-- Opening Marker --

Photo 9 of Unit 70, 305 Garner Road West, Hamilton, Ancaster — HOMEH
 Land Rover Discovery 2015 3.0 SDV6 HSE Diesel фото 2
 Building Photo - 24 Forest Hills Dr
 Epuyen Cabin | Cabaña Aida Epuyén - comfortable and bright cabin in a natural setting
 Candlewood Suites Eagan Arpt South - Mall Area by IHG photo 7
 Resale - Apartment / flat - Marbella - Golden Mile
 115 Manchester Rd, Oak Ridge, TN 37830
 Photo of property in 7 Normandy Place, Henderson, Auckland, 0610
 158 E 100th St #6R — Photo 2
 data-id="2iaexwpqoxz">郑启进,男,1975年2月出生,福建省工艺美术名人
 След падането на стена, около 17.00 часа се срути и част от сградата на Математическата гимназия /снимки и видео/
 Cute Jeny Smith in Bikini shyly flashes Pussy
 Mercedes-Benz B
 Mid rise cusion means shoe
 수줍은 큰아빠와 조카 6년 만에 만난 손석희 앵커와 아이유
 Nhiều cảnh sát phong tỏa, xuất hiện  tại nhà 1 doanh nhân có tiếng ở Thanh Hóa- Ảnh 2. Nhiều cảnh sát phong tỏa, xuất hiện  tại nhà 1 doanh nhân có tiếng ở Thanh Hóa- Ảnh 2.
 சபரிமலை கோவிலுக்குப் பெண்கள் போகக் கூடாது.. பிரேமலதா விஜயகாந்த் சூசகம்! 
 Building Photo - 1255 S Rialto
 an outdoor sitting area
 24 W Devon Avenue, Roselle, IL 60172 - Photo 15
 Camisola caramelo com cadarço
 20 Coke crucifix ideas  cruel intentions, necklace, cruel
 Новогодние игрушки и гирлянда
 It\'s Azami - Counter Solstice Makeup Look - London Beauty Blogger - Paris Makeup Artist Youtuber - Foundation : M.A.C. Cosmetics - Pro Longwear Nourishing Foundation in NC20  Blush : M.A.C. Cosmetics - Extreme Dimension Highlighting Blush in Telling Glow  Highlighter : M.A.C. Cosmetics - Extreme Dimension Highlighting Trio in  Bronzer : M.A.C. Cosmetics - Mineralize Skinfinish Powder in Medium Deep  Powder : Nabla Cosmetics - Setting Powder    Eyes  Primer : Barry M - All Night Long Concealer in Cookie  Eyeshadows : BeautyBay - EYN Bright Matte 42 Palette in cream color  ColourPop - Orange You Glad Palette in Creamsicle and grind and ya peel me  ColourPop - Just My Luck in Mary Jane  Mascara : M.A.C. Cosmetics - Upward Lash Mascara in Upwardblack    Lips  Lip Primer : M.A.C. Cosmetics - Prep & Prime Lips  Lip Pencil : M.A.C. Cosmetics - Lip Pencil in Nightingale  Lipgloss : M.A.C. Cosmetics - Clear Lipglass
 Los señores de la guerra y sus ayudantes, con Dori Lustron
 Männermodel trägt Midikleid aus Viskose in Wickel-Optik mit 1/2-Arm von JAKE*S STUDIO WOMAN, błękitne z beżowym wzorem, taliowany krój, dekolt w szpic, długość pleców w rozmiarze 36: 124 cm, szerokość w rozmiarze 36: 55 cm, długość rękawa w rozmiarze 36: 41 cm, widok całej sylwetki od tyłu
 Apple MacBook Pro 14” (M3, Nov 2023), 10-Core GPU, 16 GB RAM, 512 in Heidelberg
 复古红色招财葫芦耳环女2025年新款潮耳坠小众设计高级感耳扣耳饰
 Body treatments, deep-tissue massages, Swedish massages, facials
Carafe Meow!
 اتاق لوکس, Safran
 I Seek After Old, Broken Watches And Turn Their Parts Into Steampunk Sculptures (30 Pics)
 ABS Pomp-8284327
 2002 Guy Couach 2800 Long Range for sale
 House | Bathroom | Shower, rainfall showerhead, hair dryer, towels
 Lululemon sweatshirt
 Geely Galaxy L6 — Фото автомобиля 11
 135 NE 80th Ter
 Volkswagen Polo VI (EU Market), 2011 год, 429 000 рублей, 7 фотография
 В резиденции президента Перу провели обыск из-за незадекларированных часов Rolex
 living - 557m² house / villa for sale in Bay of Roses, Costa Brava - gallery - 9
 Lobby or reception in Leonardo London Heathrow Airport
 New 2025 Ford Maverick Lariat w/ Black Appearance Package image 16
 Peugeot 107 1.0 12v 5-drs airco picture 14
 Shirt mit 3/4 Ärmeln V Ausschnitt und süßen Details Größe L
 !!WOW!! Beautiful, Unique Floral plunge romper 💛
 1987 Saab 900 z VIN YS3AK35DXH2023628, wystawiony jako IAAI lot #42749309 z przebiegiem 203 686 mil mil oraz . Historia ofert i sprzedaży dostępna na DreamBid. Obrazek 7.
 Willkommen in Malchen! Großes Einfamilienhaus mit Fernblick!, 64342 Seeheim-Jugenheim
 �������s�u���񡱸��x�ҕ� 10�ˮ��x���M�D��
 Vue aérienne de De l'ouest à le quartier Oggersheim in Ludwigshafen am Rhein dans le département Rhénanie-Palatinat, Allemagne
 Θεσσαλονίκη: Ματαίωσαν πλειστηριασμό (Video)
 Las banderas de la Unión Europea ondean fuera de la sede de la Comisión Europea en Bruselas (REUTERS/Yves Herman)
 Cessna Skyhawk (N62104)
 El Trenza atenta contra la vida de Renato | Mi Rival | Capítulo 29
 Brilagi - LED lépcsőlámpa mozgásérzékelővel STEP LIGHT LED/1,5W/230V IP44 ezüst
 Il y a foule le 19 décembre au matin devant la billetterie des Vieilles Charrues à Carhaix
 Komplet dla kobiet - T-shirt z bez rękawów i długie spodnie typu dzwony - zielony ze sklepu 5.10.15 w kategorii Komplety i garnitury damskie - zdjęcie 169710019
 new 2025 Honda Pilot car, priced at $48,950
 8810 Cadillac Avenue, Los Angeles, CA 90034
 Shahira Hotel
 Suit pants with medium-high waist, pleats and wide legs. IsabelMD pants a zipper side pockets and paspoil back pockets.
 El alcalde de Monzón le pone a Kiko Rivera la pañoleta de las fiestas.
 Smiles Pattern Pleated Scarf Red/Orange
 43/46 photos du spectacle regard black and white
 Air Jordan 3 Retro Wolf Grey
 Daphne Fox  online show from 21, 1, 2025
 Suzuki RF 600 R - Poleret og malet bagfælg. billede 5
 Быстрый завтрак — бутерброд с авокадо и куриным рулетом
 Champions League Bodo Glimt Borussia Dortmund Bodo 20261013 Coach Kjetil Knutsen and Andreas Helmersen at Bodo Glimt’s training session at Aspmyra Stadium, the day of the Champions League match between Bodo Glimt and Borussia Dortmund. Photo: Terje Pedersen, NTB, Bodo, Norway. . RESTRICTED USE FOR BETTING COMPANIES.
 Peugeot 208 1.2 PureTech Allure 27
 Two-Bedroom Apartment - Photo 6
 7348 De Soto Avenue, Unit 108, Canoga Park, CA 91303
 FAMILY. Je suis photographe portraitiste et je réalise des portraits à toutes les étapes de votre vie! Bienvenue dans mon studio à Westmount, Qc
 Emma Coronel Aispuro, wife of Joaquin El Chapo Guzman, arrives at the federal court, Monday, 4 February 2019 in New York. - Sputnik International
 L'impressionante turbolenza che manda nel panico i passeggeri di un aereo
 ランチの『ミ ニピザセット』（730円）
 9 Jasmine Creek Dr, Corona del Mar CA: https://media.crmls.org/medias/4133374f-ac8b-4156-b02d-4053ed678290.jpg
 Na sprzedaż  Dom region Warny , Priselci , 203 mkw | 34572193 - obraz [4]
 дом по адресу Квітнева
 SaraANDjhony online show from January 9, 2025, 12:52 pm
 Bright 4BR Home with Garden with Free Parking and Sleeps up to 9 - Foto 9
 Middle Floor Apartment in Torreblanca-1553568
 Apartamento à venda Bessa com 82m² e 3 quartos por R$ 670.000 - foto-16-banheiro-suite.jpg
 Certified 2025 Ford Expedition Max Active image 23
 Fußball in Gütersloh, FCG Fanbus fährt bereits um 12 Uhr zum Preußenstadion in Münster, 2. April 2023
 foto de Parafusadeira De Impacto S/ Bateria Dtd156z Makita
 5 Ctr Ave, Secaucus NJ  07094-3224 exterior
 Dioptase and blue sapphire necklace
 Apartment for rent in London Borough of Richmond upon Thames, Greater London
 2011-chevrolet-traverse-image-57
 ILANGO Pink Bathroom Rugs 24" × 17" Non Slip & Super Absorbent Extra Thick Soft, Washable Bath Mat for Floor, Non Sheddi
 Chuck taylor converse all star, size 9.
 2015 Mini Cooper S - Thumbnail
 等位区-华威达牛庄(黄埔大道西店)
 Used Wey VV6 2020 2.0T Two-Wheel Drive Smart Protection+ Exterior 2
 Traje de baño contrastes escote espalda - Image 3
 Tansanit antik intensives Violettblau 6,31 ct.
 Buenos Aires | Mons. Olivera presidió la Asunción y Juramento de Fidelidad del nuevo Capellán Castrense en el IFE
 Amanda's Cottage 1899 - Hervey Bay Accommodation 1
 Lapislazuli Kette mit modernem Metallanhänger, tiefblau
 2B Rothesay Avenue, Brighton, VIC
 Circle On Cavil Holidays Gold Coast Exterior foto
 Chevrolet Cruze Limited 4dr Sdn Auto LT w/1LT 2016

-- Closing Marker --

→ **ASSIGNMENT**
A verbatim transcription is required: the first line of the listing, the line containing "Photo of property", and every line between them.

→ **SOLUTION FOR THIS EXERCISE**
Photo 9 of Unit 70, 305 Garner Road West, Hamilton, Ancaster — HOMEH
 Land Rover Discovery 2015 3.0 SDV6 HSE Diesel фото 2
 Building Photo - 24 Forest Hills Dr
 Epuyen Cabin | Cabaña Aida Epuyén - comfortable and bright cabin in a natural setting
 Candlewood Suites Eagan Arpt South - Mall Area by IHG photo 7
 Resale - Apartment / flat - Marbella - Golden Mile
 115 Manchester Rd, Oak Ridge, TN 37830
 Photo of property in 7 Normandy Place, Henderson, Auckland, 0610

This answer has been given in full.